My point is a bit different from all that. By their terms, these rules apply only in federal prosecutions for sexual assault. Practically, that means that most of the defendants will be Native Americans, as there are comparatively few rapes in post offices and federal buildings, and those that occur on military bases are usually subject to military prosecution. That raises its own set of moral and constitutional issues, but it is obvious that, by themselves, these rules will have infrequent application in the federal courts.

Although canons of strict construction should apply, I have more than a suspicion that the drafters’ "true" intent can be found in the floor statements of Senator Dole. There, he stated that the "unfortunate" presumption against admitting evidence of uncharged offenses had crept into state evidence codes, many of which are based on the Federal Rules of Evidence, after the federal rules were enacted two decades ago. Dole noted that "the Federal Government has a leadership role to play in this area[,]" and expressed hope that the states might just amend their rules of evidence along the same lines as the new federal rules. Moreover, because many state court systems use the Federal Rules of Evidence, in one form or another, as a model for their own rules, perhaps Senator Dole thought it possible that the new federal rules could be imported into state practice without significant debate.

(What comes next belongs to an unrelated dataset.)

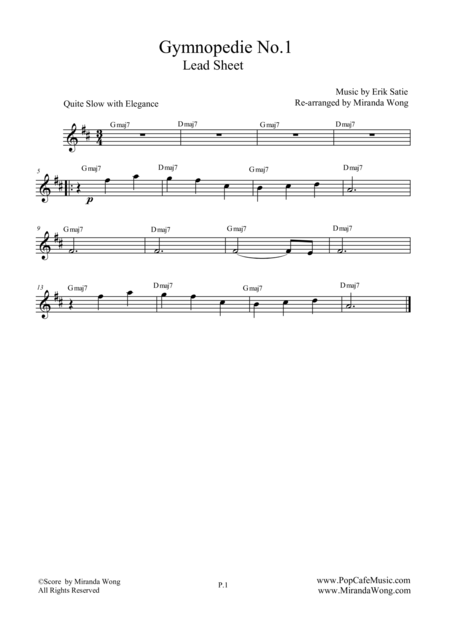Free Sheet Music Gymnopedie No 1 Romantic Classical Music For Violin Solo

Aside from being historically wrong--the bar on admission of "propensity" evidence was alive and well in the states long before the federal rules were adopted in 1975--it is "the height of arrogance" to suggest that the federal government has much of anything to "teach" the states on the proper admission of evidence in sexual assault cases. First of all, it is odd that the same sponsors of the bill who lauded the states for their flexible interpretation of their evidence codes should conclude in the next breath that those very states need the paternalistic tutelage of Congress. Second, and most importantly, it is the states, not the federal government, which prosecute the overwhelming majority of sexual assault cases. Under the model of deference, not to mention common sense, the states have superior expertise and, if anything, the federal rules drafters should be taking their lead from state evidentiary rules, not attempting to teach the states on a subject about which the federal government is comparatively ignorant.

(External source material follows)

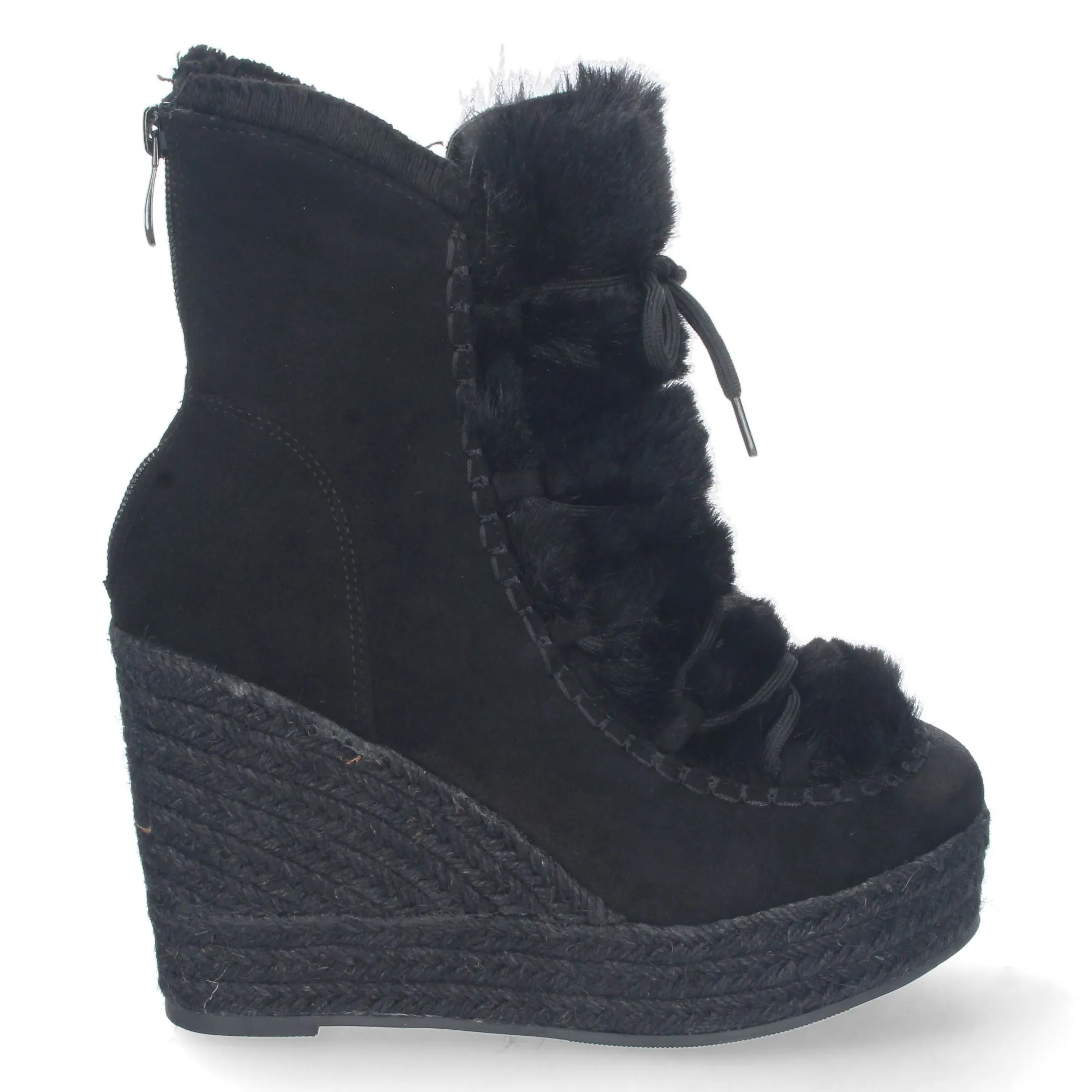Botin de cuña en yute y pelo estilo australianas para mujer negro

The thread that ties both of my examples together is a mindset on the part of Congress and some federal prosecutors that the state court systems cannot be trusted to "get it right." Either the states won’t investigate the cases thoroughly enough or won’t prosecute them with sufficient vigor, or the state courts will "let the suspect off on an evidentiary technicality." Even if the suspect is convicted, it is believed, he or she won’t be punished sufficiently in the state system. Add to this the implicit premise that those who work in state courts and law enforcement just are not of the same caliber as their federal counterparts, and you get a pretty good idea of the complicated dynamics behind the increasing federalization of crime.

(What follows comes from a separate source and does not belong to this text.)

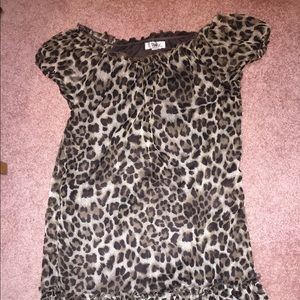 Adorable animal print dress: ruffle on bottom!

For the last half-century, federal policy has fostered the notion that anything "really important" must be a federal matter. This seems to be changing. The last few years have witnessed a renewed interest in principles of federalism and some devolution of power and responsibility back to the states. While the progress of that movement on Capitol Hill may appear to be slow, or at times imperceptible, you all know that principles of federalism have gained both their place at the table of intellectual respectability and in national debate. Your very presence here gives witness to that progress.

*D. Brook Smith is a United States District Court Judge for the Western District of Pennsylvania. This lecture was presented during the Federalist Society’s 1997 National Convention.